Bank Zenit is not the only financial institution to benefit from Tatneft’s largesse. Tatarstan’s largest bank, AK Bars Bank, also received a major cash injection: 10bln rubles (US$174m) in May 2017, half of which came from Tatneft. The other half came from SINEK, which is wholly owned by the Republic of Tatarstan, and is the largest shareholder of Tatneft. Tatneft now directly owns 17.2% of AK Bars Bank. There is good reason for further concern regarding AK Bars Bank: Robert Musin of the Tatfondbank scandal was also its president.

Musin
Facing corruption charges: Tatarstan regional MP Robert Musin, ex-director of Tatfondbank and AK Bars Bank

The collapse of Tatfondbank and Tatneft’s financing of Bank Zenit and AK Bars Bank most certainly demonstrate that the region is has been left to its own devices when it comes to bailouts. This appears to have been further highlighted by local reports that Tatneft and Bank Zenit were underwriting the operations of airliner VIM-Avia, which is registered in Tatarstan but has been based at Moscow Domodedovo, after its collapse in September.

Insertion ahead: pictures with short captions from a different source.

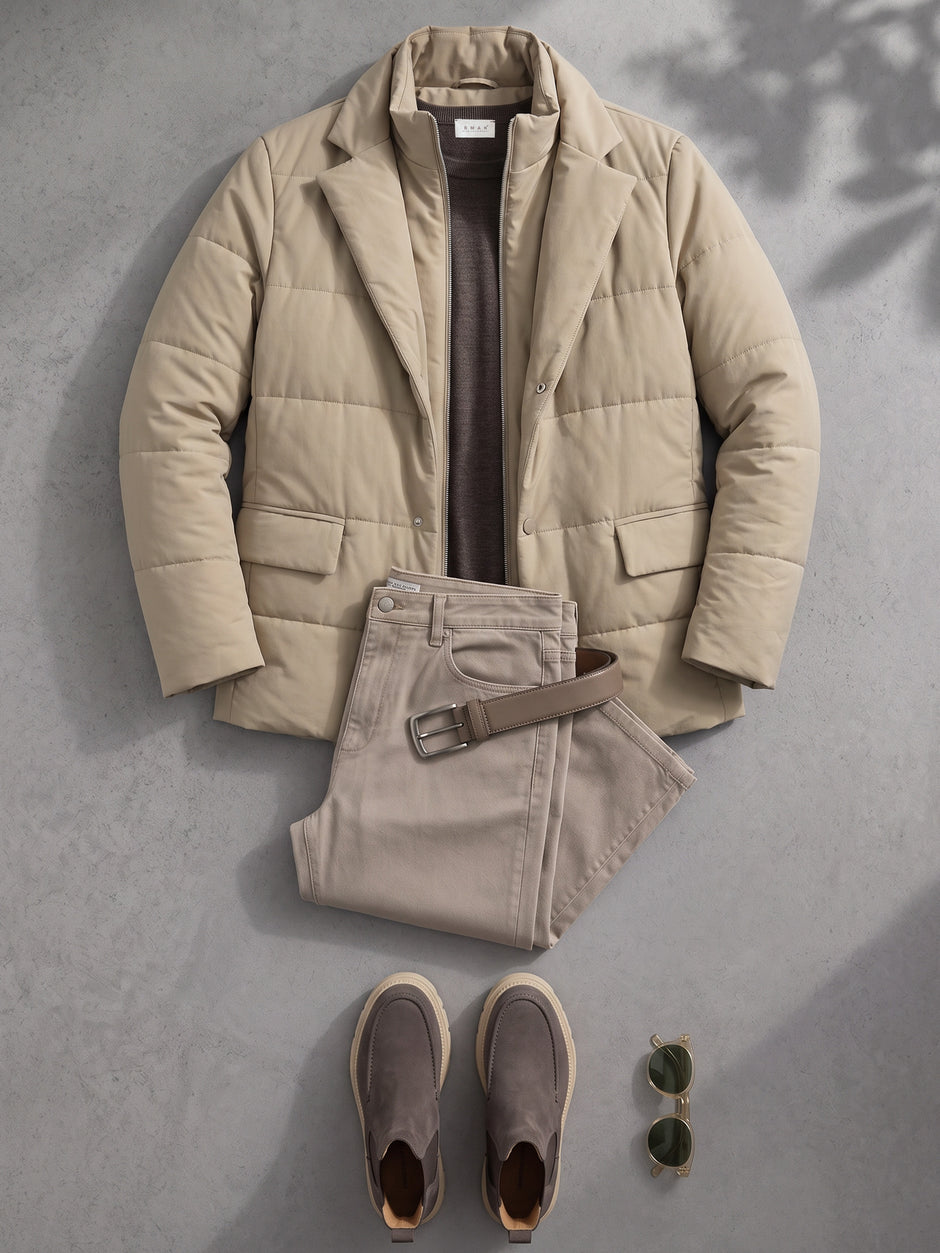 Tinuta Barbati Smart Casual Mogano BMan1222 (1)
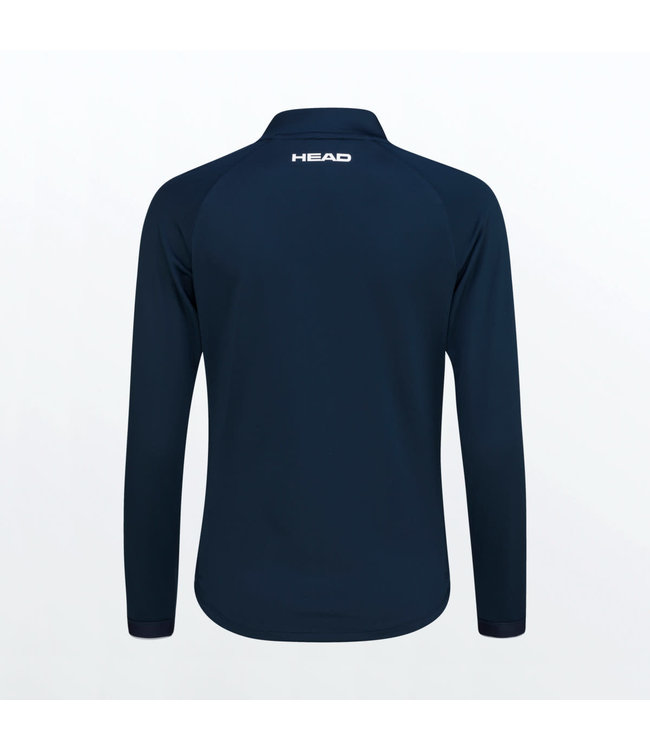 Head Breaker Jacket Dames Navy Print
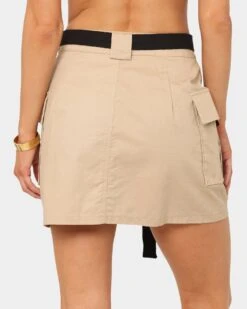 XXIII Women's Lara Cargo Skirt Tan 16 XXIII Women's Lara Cargo Skirt Tan -Culture Kings 03007272 YT001 womens 0070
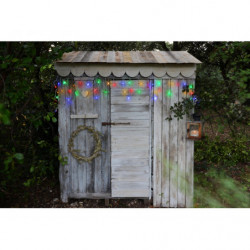 GUIRLANDE LED STALACTITE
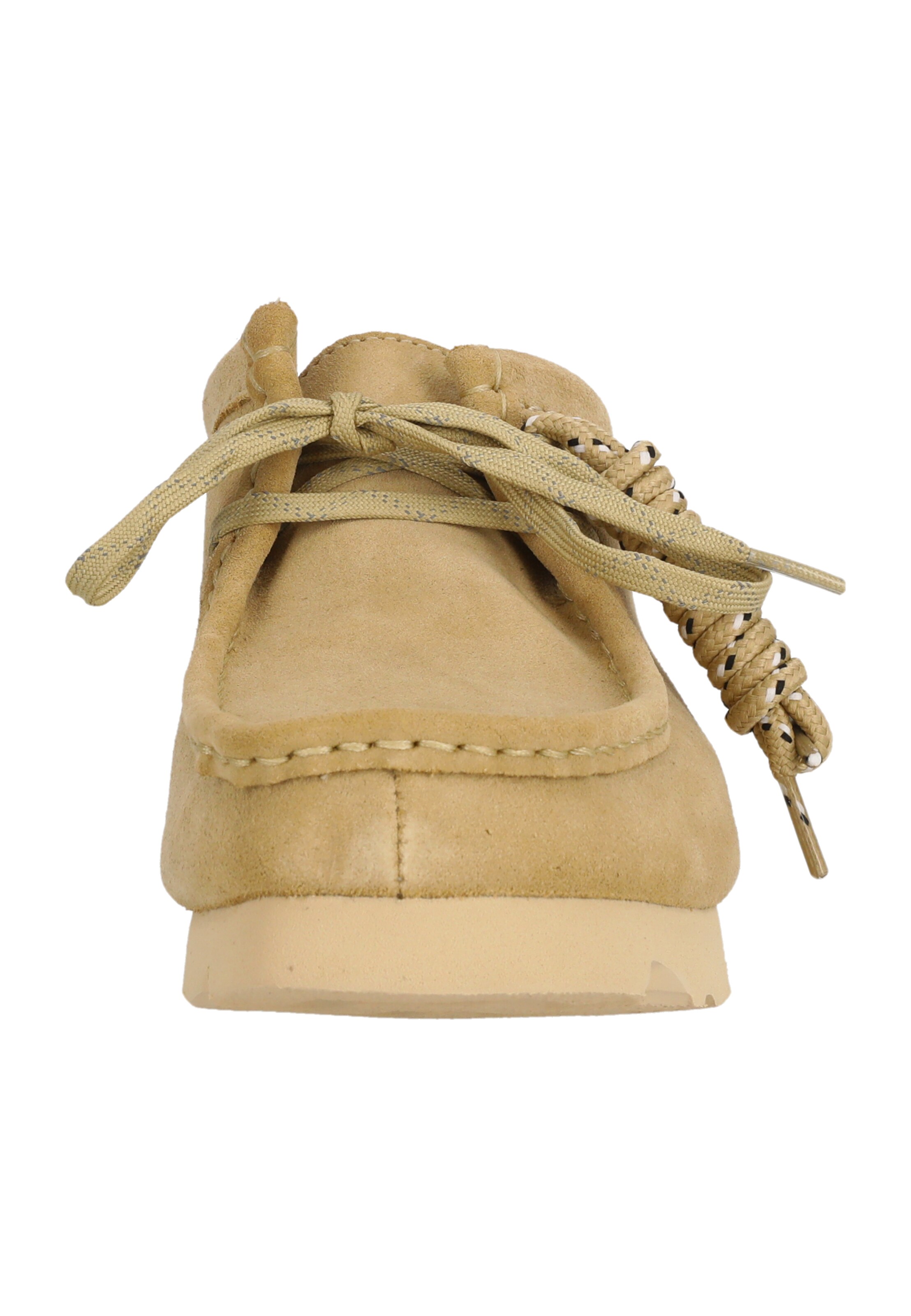 CLARKS Lace-up shoe 'WallabeeGTX' in Beige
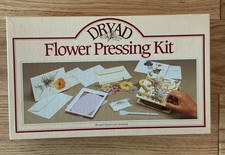 Dryad flower pressing kit - pressing,
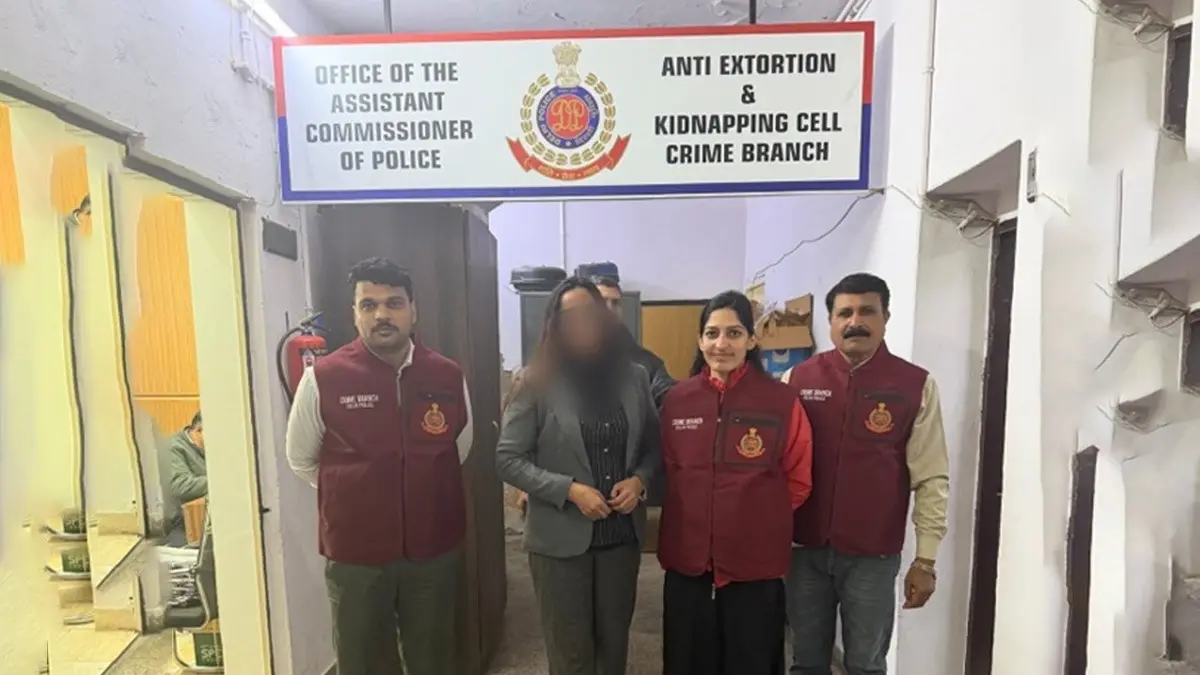 Woman Arrested in Delhi For Driving Car With Fake Diplomatic Number Plate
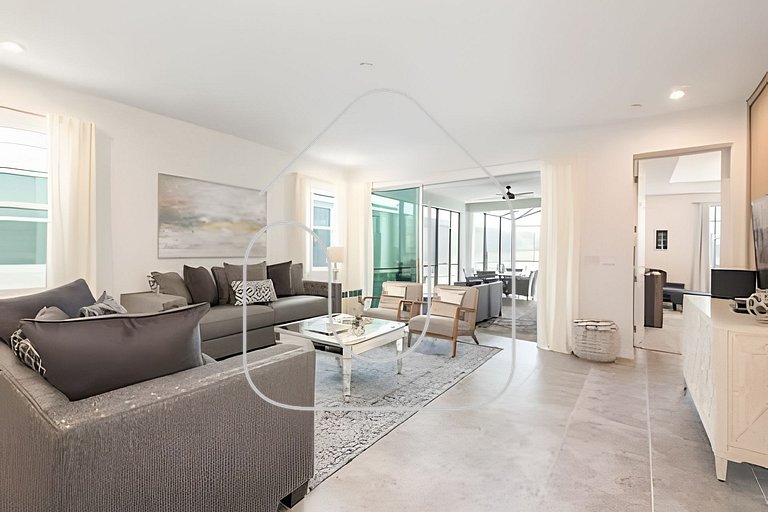 Casa Elegante 7Q c/ Piscina e Resort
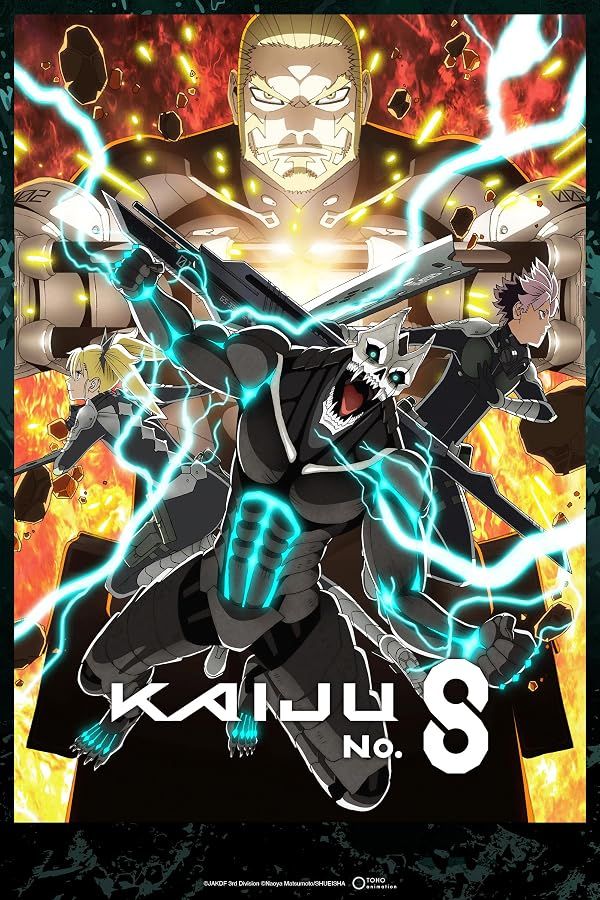 Kaiju No. 8 cover image
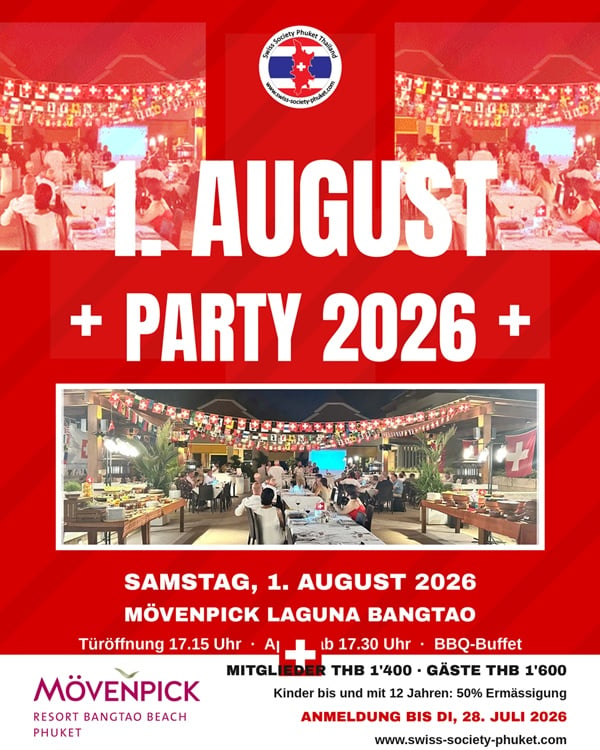 Swiss National Day Party 2026 — Celebrate Switzerland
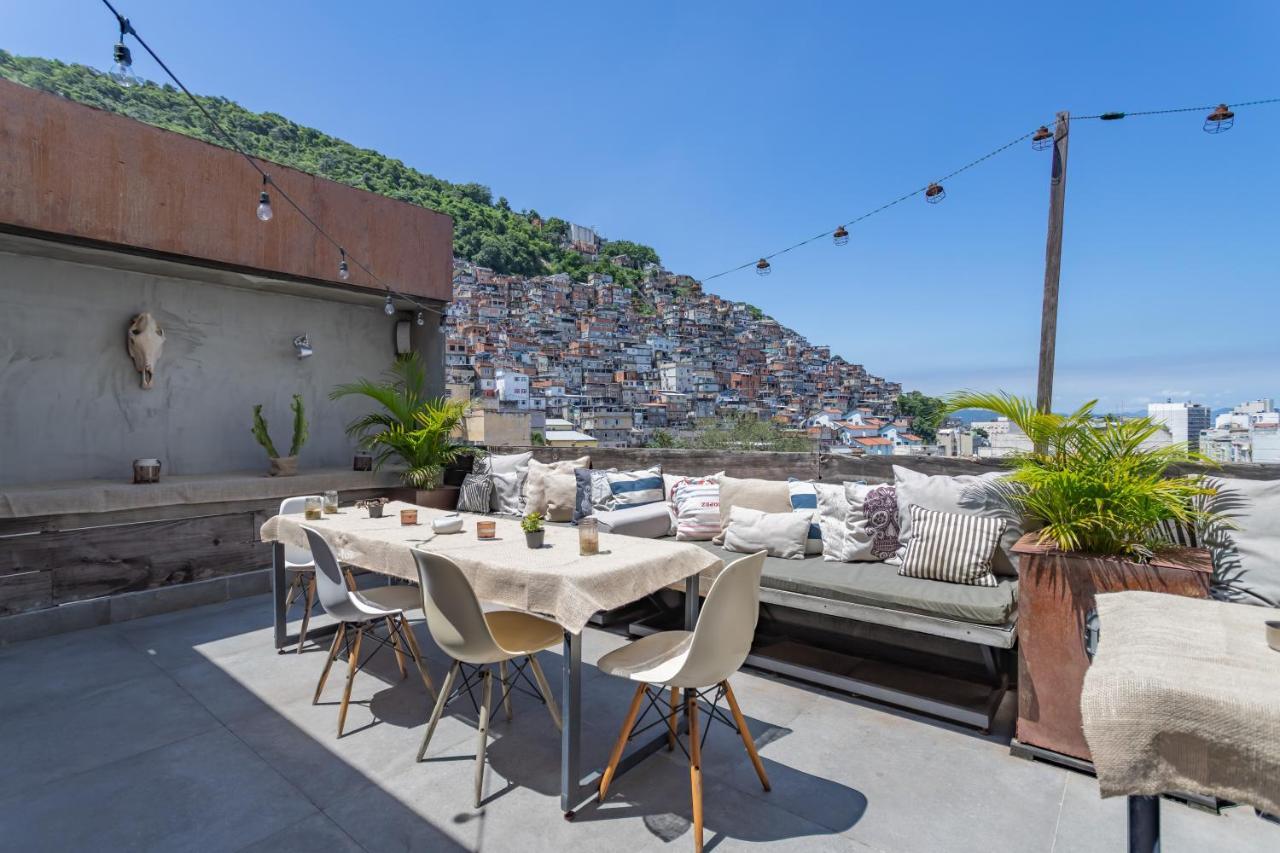 Ipanema Hills Loft Lägenhet Rio de Janeiro Exteriör bild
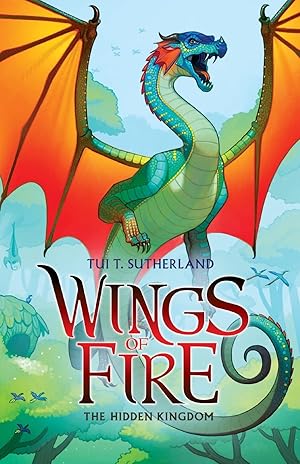 Imagen del vendedor de The Hidden Kingdom (Wings of Fire (3)) a la venta por Greenworld Books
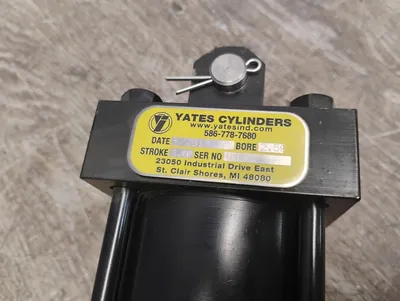 YATES CYLINDERS U4D02 Hydraulic & Pneumatic Cylinders | ESS Industrial Equipment Sales (5)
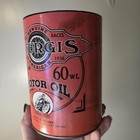 Vtg 2003 Official Sturgis Motor Classic Rally Motorcycle Races Motor Oil Can Tin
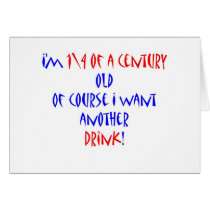 25 (1\4 century) another drink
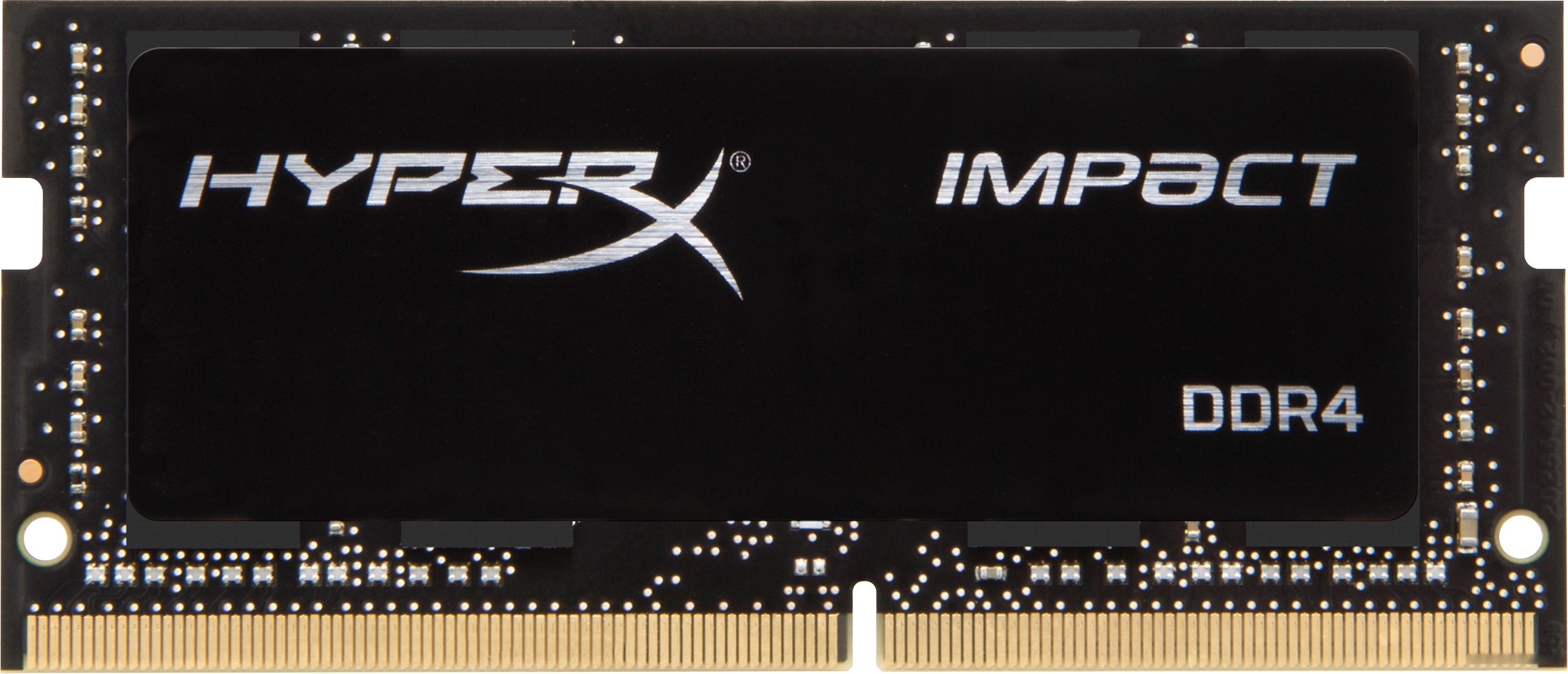 Оперативная память HyperX Impact 2x4GB DDR4 SODIMM PC4-19200 HX424S14IBK2/8, фото 3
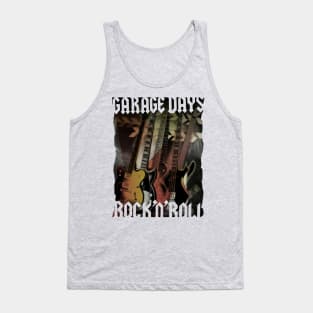 Rock And Roll Tank Top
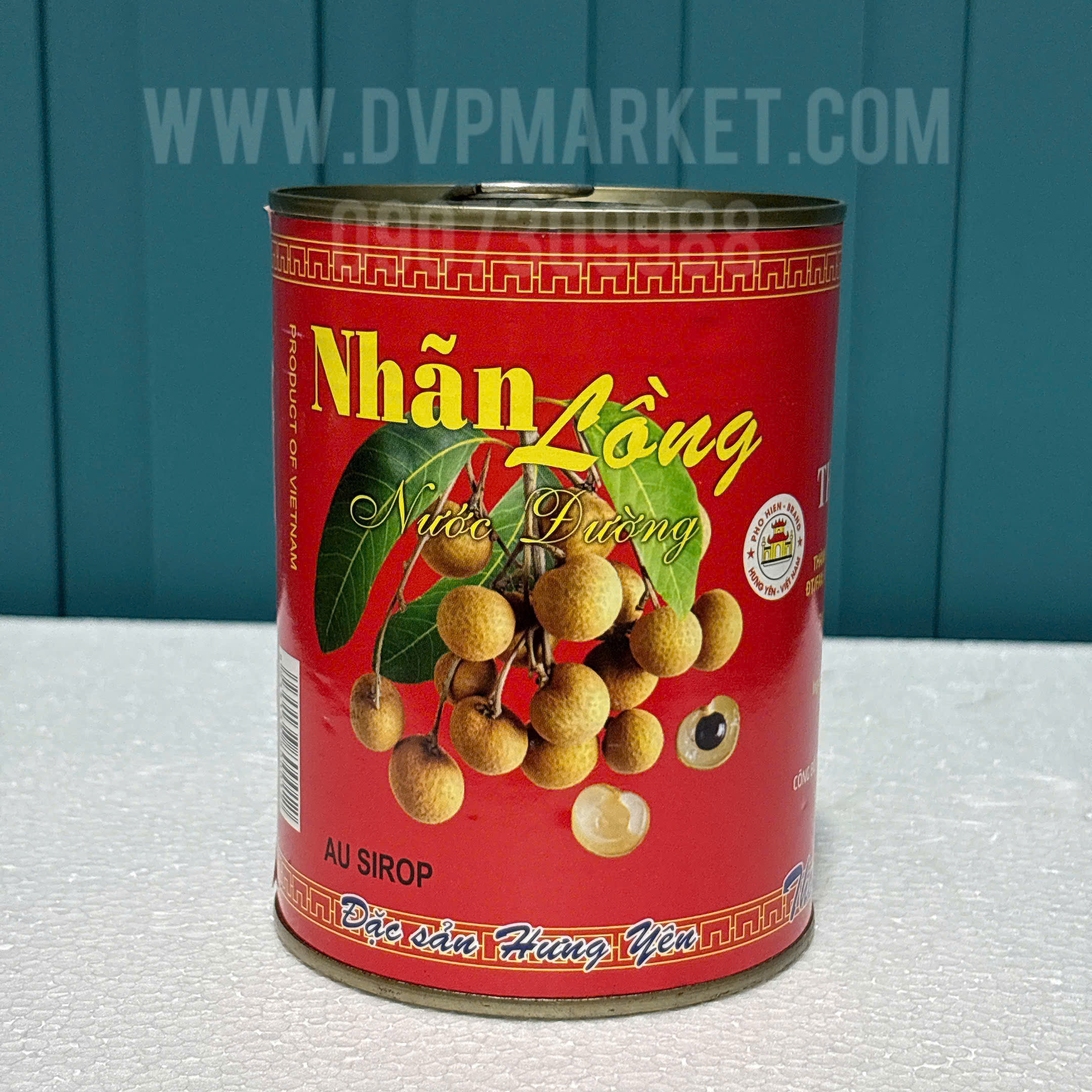 Thành Yên - Nhãn ngâm nước đường đóng hộp (565g)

Despite public denials of additional loans to the airliner, Russian state media subsequently reported Tatneft was financing the continued operation of at least some VIM-Avia flights. Zenit was also the airliner’s largest creditor, owed roughly 3bln rubles (US$52m). Although the airline’s operating license was ultimately revoked, there clearly remain unanswered questions over Tatneft and Zenit’s role despite the latter’s statement that it does not expect the airliner’s collapse to affect its finances.

While the 2016 cost of pumping funds into Bank Zenit was effectively financed by the aforementioned transaction with TAIF, there are no potential hints that TAIF has provided Tatneft with a similar financial cushion this year. Tatneft’s fortunes have been buoyed by the rise in oil prices so far this year, particularly in Q3, but there is reason to expect the oil company will have to further support its new dependents. While questions linger over the final bill Tatneft faces with regards to VIM-Avia, the real concerns are over Zenit and AK Bars Bank.

Credit crunch?

Following SINEK and Tatneft’s May cash infusion, Fitch downgraded AK Bars Bank’s long-term issuer default rating two steps to B, five notches into junk and well below the BBB- rating of Tatneft. Moody’s adjusted baseline credit assessment for AK Bars Bank is two levels lower, at Caa1 (CCC+). The bank’s continued viability remains a serious question. To contrast, Zenit has a long-term issuer default rating of BB from Fitch, although “Fitch has not factored in support from Tatneft directly into BZ’s ratings” and an adjusted baseline credit assessment of Ba3 (BB-) from Moody’s on the back of Tatneft support. AK Bars Bank will likely require additional cash injections, failing a central bank takeover, or it too could collapse. A collapse would risk a repeat of the protests that erupted after Tatfondbank’s collapse, which could have significant impacts on the ongoing debate over the extension of Tatarstan’s autonomy.

akzenit

Tatneft has been employed to bail out two of Tatarstan’s largest banks, and its losses from the Tatfondbank collapse could exceed 5.4bln rubles. The questions over the financing of VIM-Avia are likely less threatening to Tatneft’s health but demonstrative of the extent to which the Kremlin has seen fit to hand what it deems Tatar issues over to Tatarstan. The protests that followed Tatfondbank’s collapse could return in the event of additional bank collapses, and AK Bars Bank in need of additional support. The drawn-out negotiations over Tatarstan’s autonomous status also raise questions about the future administration of regional companies; an end to this status would likely see other interests displace the TAIF-Tatneft symbiosis and likely invite other powerful actors to compete for Tatarstan’s spoils. Tatneft’s political risks are clearly significant.